Uganda has a safe harbour regime in place for intermediaries for copyright infringements. According to Section 29 of the Electronic Transactions Act No. 8 of 2011, a service provider is not subject to civil or criminal liability in respect of third-party material which is in the form of electronic records to which it merely provides access. This is provided that the intermediary is not directly involved in the making, publication, dissemination, or distribution of the material or a statement made in the material; or the infringement of any rights subsisting in or in relation to the material. In addition, pursuant the Art. 30 of the Act, service providers are not liable for infringement for referring or linking to a “data message or infringing activity” if the service provider, is unaware of the infringement, does not receive financial benefit from the infringement, and “removes or disables access to the reference or link to the data message or activity within a reasonable time after being informed that the data message or the activity relating to the data message infringes the rights of the user.”

Section 7 of the Data Protection and Privacy Act provides that, where necessary for the proper performance of a public duty by a public body, cases of national security or for the prevention, detection, investigation, prosecution, or punishment of an offense or breach of law, or for medical purposes, the public authority may collect data even at the objection of the data subject. It is not clarified whether a court order is needed.

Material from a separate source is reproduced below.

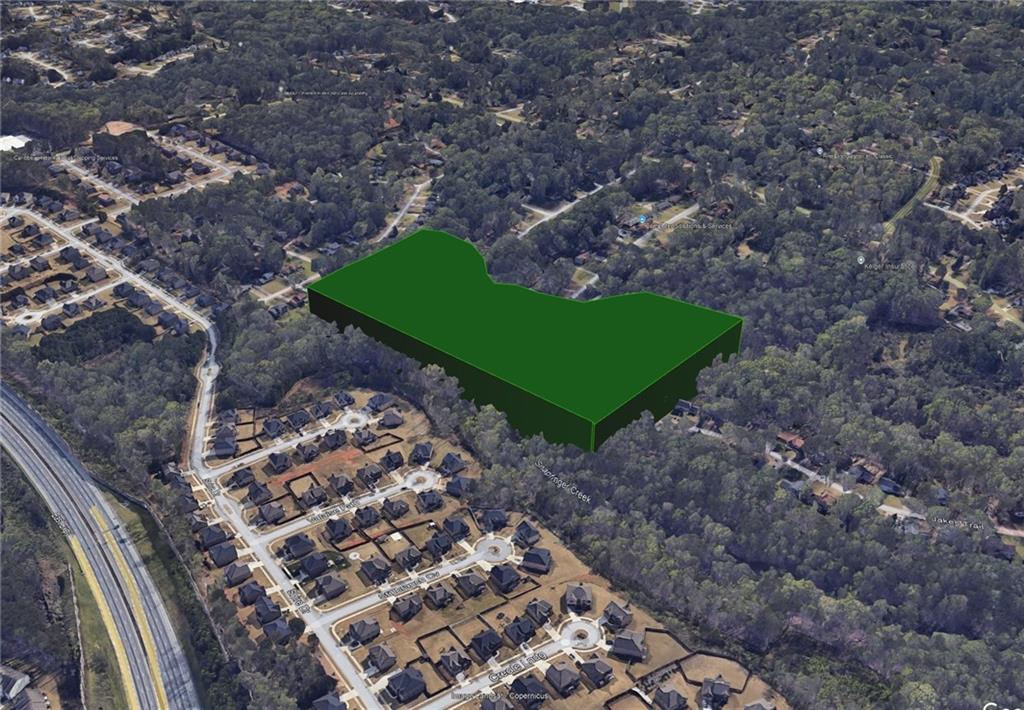 2957 Thompson Mill Road Decatur, GA 30034 - Photo 4 of 9 a green field with some trees in the background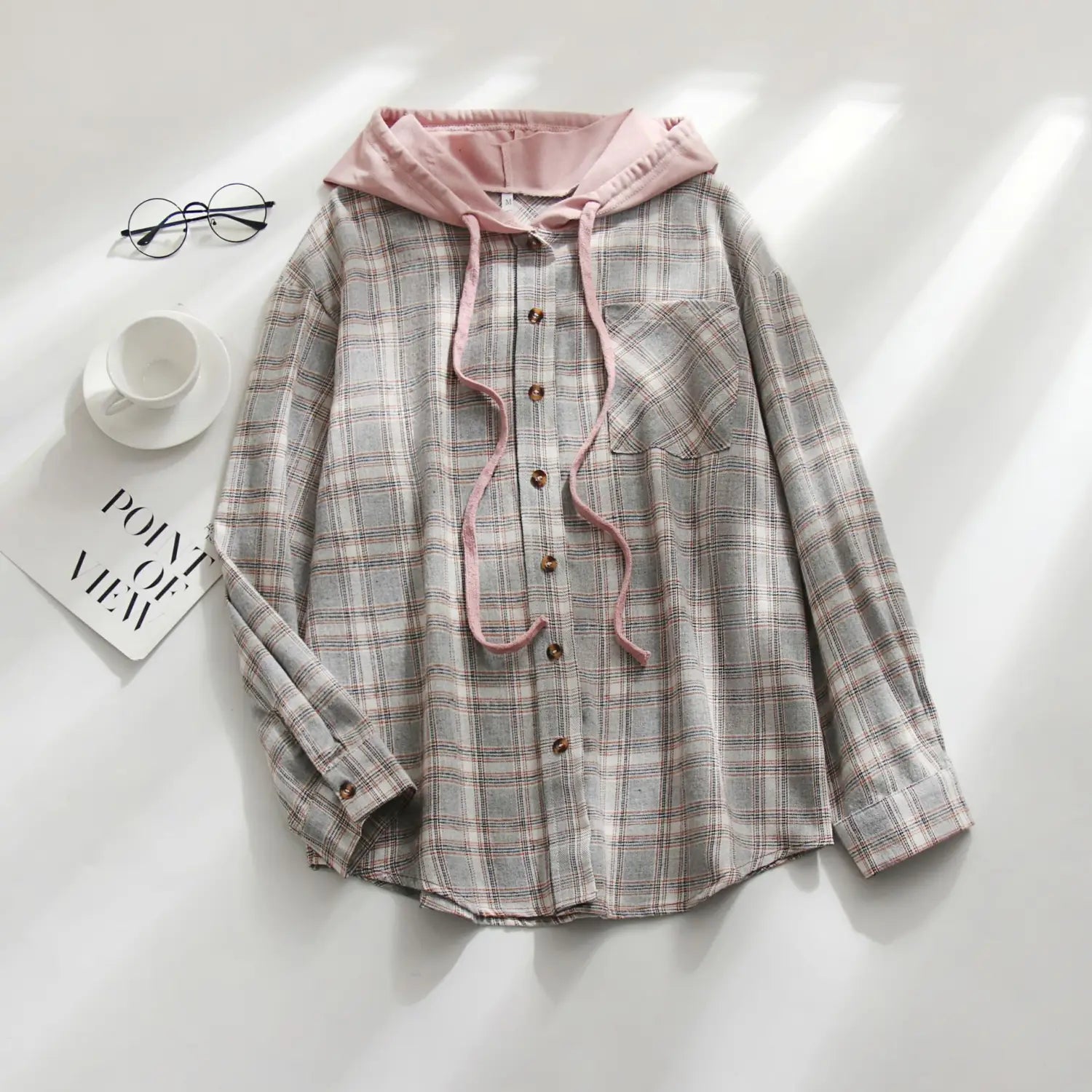 Women’s plaid long sleeve hooded button up shirt in soft gray and white plaid with a contrasting pink inner lining and drawstrings.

The Regulation of Interception of Communications Act of 2010 introduces obligations to intermediaries to collect customer information (names, addresses, ID numbers), install surveillance equipment, and disclose information to authorities when presented with a warrant. It is however reported that state security agents have violated such provisions in 2018 when security agents stormed a telecom provider’s data centre without a court warrant.
In addition, intermediaries are obliged to assist “the monitoring centre” and ensure that their services can render real-time interception. Failure to assist the monitoring centre is an offence, that upon conviction may result in a fine, imprisonment for up to five years, or cancellation of the intermediaries license. In addition, an application for interception can be made orally before a judge as long as the written application follows within 48 hours of the oral application.

Clauses in the Anti-Terrorism Act 2002 (Part VII - Interception of Communications) give security officers appointed by the interior minister the power to intercept the communications of individuals suspected of terrorism and to keep the individuals under surveillance without judicial oversight.